Cider Sunday: Reverend Nat's and the Revival of American Cider
"I’m not defining what an American taste is, but an American taste is not English, it is not French. If you’re trying to create a style or a culture, don’t use other existing styles as your reference point. Look at what you have on hand here, and what people here are already used to and accustomed to. No one is accustomed to drinking French and English cider—no one has any idea what English cider is. We can grow bittersweet apples here, we make ciders with bittersweet apples, but do we need to? Who says that’s better, that that’s desirable even? Why go through all the effort? You’ve got great apples here—it’s still called cider."
____--Nat West, Reverend Nat's Hard Cider
I don't usually begin my posts off with quotes--nor do I usually post Cider Saturdays on Sunday. But Nat West, when he's in full preacher mode, can make a person think. About a month ago, I took a spin through his relatively new digs over on a quiet leafy street near Loyd Center (1813 NE 2nd Ave if you want to stop in for a pour). What I mainly left thinking about--and have been steadily thinking about it as I visited local cideries and ones in New Hampshire, Vermont, and Quebec--is this question of American cider.
Unless you're a close watcher of the burgeoning cider market, you're probably unaware of the nearly existential war taking place to define what cider should be. The protagonists in this battle run the gamut from the large industrial cideries who want you to think of cider as a sweet, appely frolic to artisanal producers who think cider should be as dry, complex, and sophisticated as a fine Bordeaux. Tentative new drinkers are caught in the middle, susceptible to the notion that there really is an answer to what cider "should" taste like.

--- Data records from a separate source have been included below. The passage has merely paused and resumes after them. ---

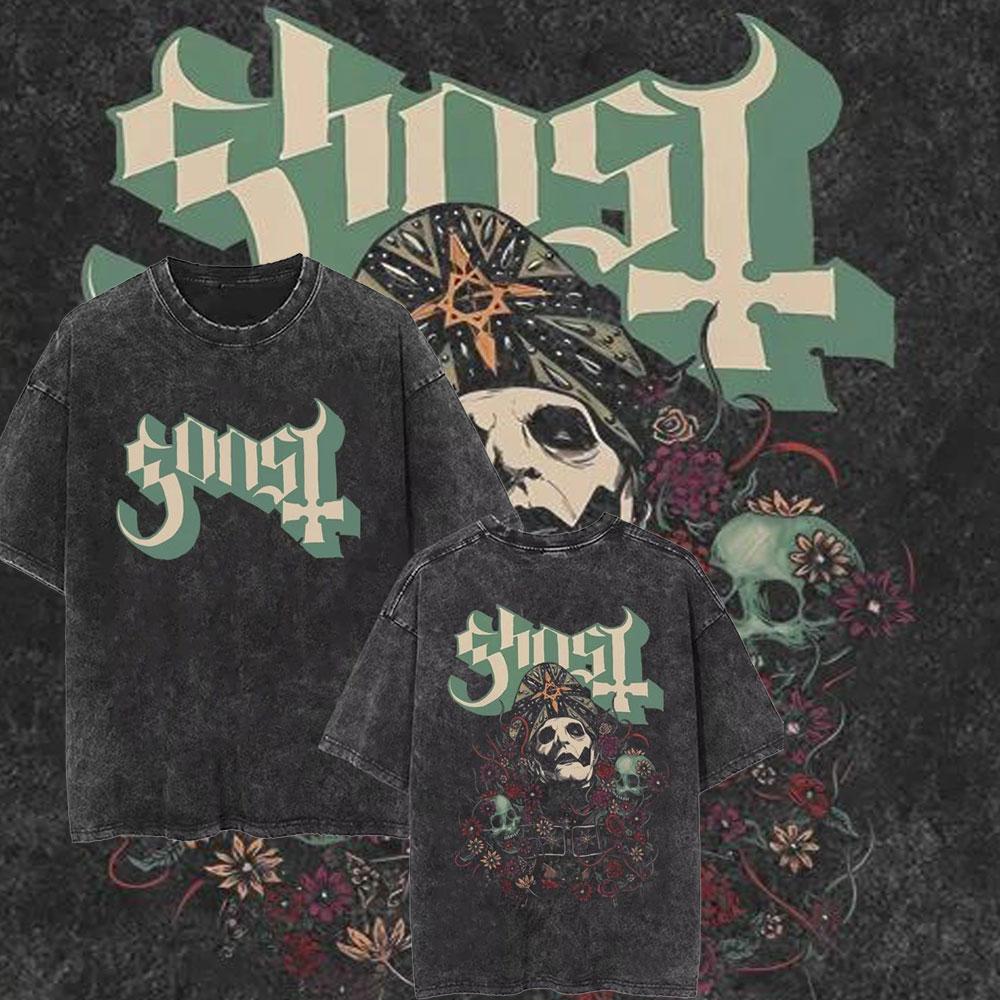 Стирка Винтажная Футболка с Логотипом Ghost Мужская Женская Летняя Оверсайз Футболка Мужская 90-х Готическая Уличная Одежда Мужчины Женщины Рок Металл Музыка Футболки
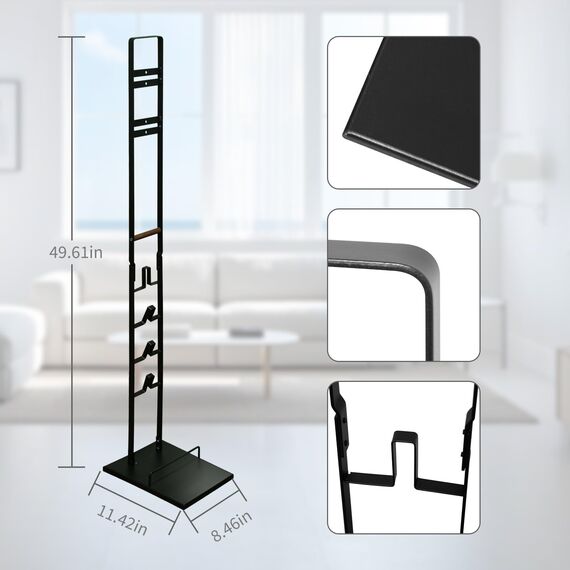 Bison Ständer für Dyson Akkusauger – Organizer & Halterung für Dyson V15s, V15, V12 Slim, V11, V10, V8, V7, V6, DC30 – DC35 Standfuß mit Rahmen für Dyson Akkusauger (Schwarz mit Holzgriff)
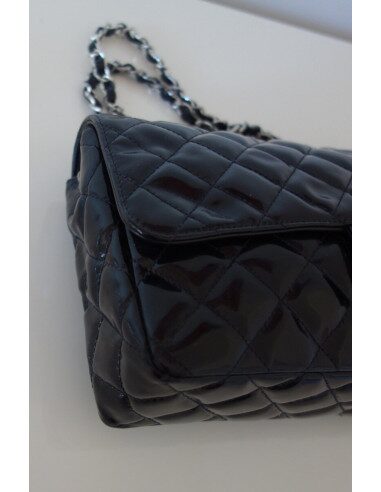 SAC CHANEL TIMELESS CUIR VERNI NOIR 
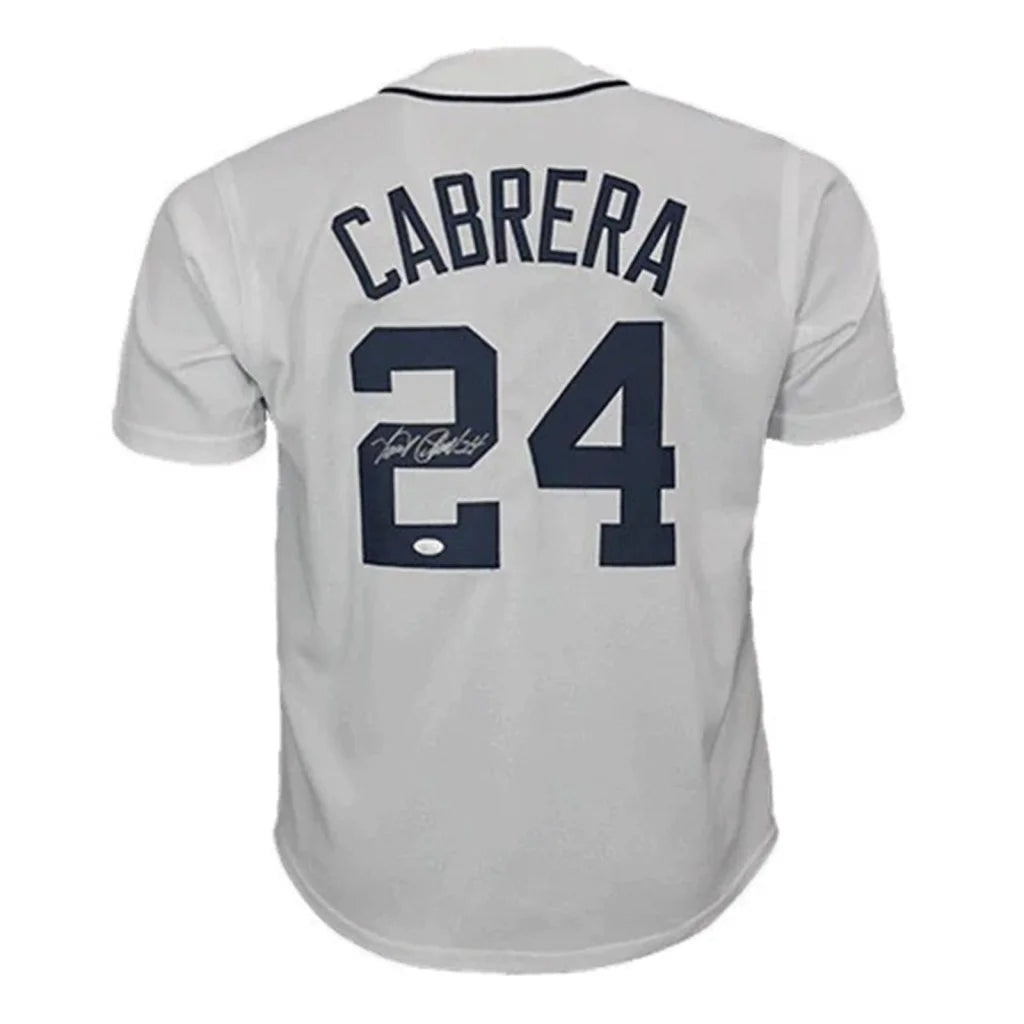 Miguel Cabrera autographed white custom jersey back, navy Cabrera 24, JSA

Nat West is the perfect guy to reframe the discussion. There is no cidermaker less dogmatic, less driven by standards and tradition (which makes the use of the name "Reverend" oddly inappropriate). At the same time, Nat is a student of cidermaking--he loaned me an ancient American cider-making book--and produces wholly traditional products like still Kingston Black English-style cider and a lightly-carbonated version made from cider apples harvested around this time of year. When I visited, these were the various products he mentioned as we walked around the cidery (in addition to his more standard offerings):
- A Winter Cider spontaneously fermented with raisins and also made with muscovado sugar and spices. Made in January and never racked, it sits on its lees and goes through a slow, malolactic fermentation.
- A cider fermented entirely with lactobacillus.
- Revelation Newtown Pippin, which starts with a wild fermentation and then is finished with wine yeast.
- His Revival Dry, the one made entirely with cider apples from the Skurdahl Orchard in Sherwood.
- A thing called Tepache, which is made by fermenting pulped pineapples and then pressing them (pineapple upside-down cider).
- His new Cascadia brand of "American" cider using standard Yakima apples.
Nat got his start as a home cider-maker, scanning the neighborhood for trees he might access as his annual output grew and grew. At one point he was making 500 gallons of the stuff a year--the equivalent of 32 beer kegs. He still wasn't thinking of doing anything other than supplying friends and family at a weekly potluck until he happened across some cider apples from the Skurdahls. (There are so few orchards with cider apples in Oregon that they're all known to eagle-eyed cidermakers.) With those apples, Nat started to glean the possibility of cider and a new profession.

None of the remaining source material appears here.